8 Mart 1857’te New York’ta kadın işçilerin uzun çalışma saatlerine, kölelik koşullarına karşı direnirken katledilişlerinin 163. yılında, bu 8 Mart’ta da, itirazlarımızı, isyanımızı, mücadele inadımızı kuşandık, el ele alanlardayız. Dünyanın dört bir yanında kadınlar hayatlarını çalan gerici, baskıcı ve neoliberal politikalara karşı isyanlarıyla sokakları dolduruyorlar. Türkiye’de de tüm gerici karanlığa, hayatlarımızı çalan cinayetlere, ve medeni kanundan başlayarak mücadele ile kazandığımız haklarımızı gasp etmeye çalışan ; medya ve eğitim başta olmak üzere tüm gerici, kadın düşmanı söylem ,yasa ve uygulamalarla toplumsal cinsiyet eşitsizliğini derinleştiren iktidara rağmen sokakları umut ve isyanla dolduruyoruz.

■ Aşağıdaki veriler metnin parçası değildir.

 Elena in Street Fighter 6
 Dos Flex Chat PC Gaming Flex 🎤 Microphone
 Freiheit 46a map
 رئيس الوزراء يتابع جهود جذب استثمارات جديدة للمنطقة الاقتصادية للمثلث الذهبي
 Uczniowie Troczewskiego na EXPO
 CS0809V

BİR KADIN DAHA EKSİLMEK İSTEMİYORUZ !

2019 yılı son on yılda en çok kız kardeşimizin öldürüldüğü yıl oldu.474 kadın en yakınlarında erkekler tarafından katledilirken AKP iktidarının İstanbul Sözleşmesini hedef alan söylemleri devam ediyor. 6284 kanuna yönelik gerici saldırı devam ediyor. Bu iki kanun biz kadınlar için hayati öneme sahiptir ve harfi harfine uygulanmalıdır. Kadın cinayetlerini durdurmak için önleyici tedbirler alınmalı, faillere cazasızlık getiren tüm yasal ve hukuki süreçler durdurulmalıdır.

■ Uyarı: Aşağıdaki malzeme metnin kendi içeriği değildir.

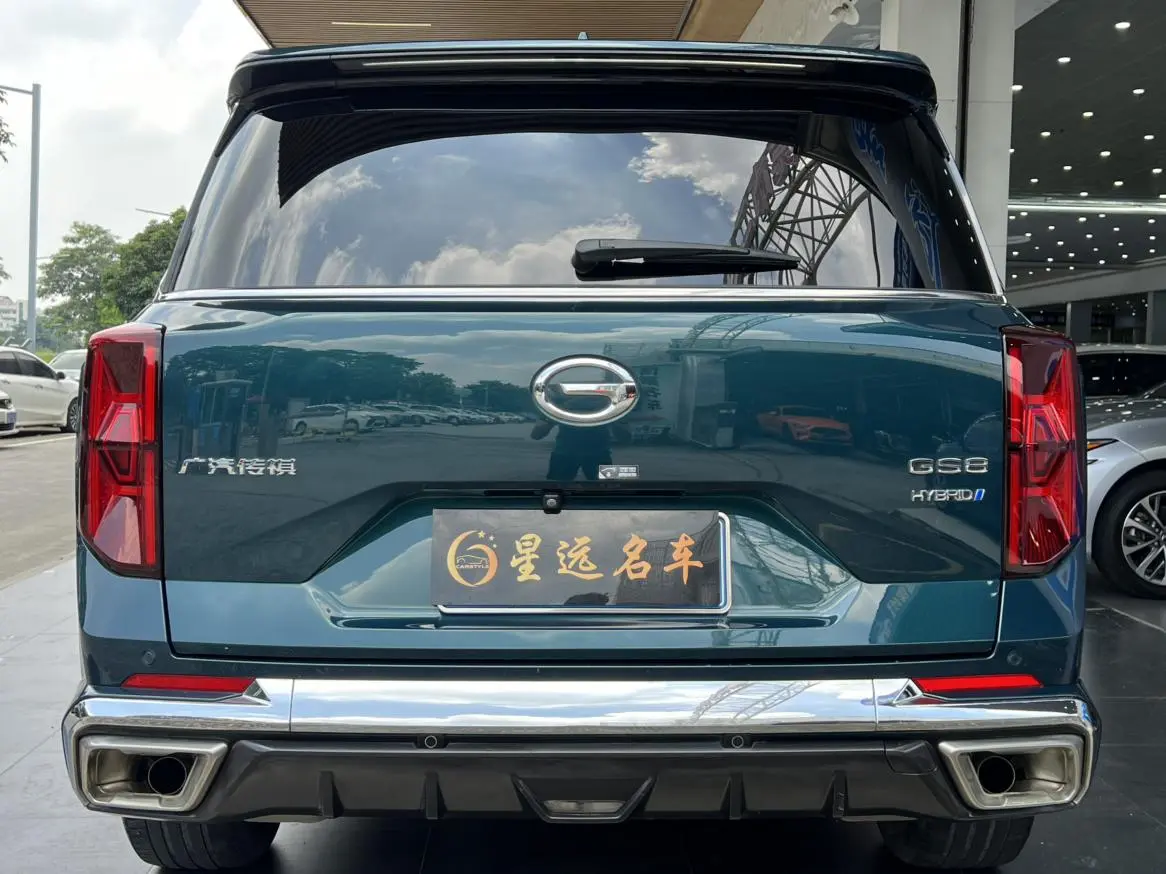 GAC Trumpchi GS8 Pilot Series 2.0 TGDI two-wheel drive Premium Edition 7-seater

ÇOCUKLARIMIZDAN ELİNİZİ ÇEKİN !

Karma eğitimi ortadan kaldırmaya yönelik uygulamalar, toplumsal cinsiyet eşitsizliğini pekiştiren gerici müfredat, kız çocuklarının okullaşma oranını azaltan eğitim sistemi, çocuklarımızı tarikat ve cemaat yurtlarına mahkum bırakan protokoller sonlandırılmalı ve tüm tarikat yurtları kapatılmalıdır. Kamucu, bilimsel ve laik eğitim için her gün her erde mücadele etmeye devam edeceğiz. Çocuk istismarcılarını affı öngördüğümüz o tasarıyı bize rağmen yasalaştıramayacaksınız.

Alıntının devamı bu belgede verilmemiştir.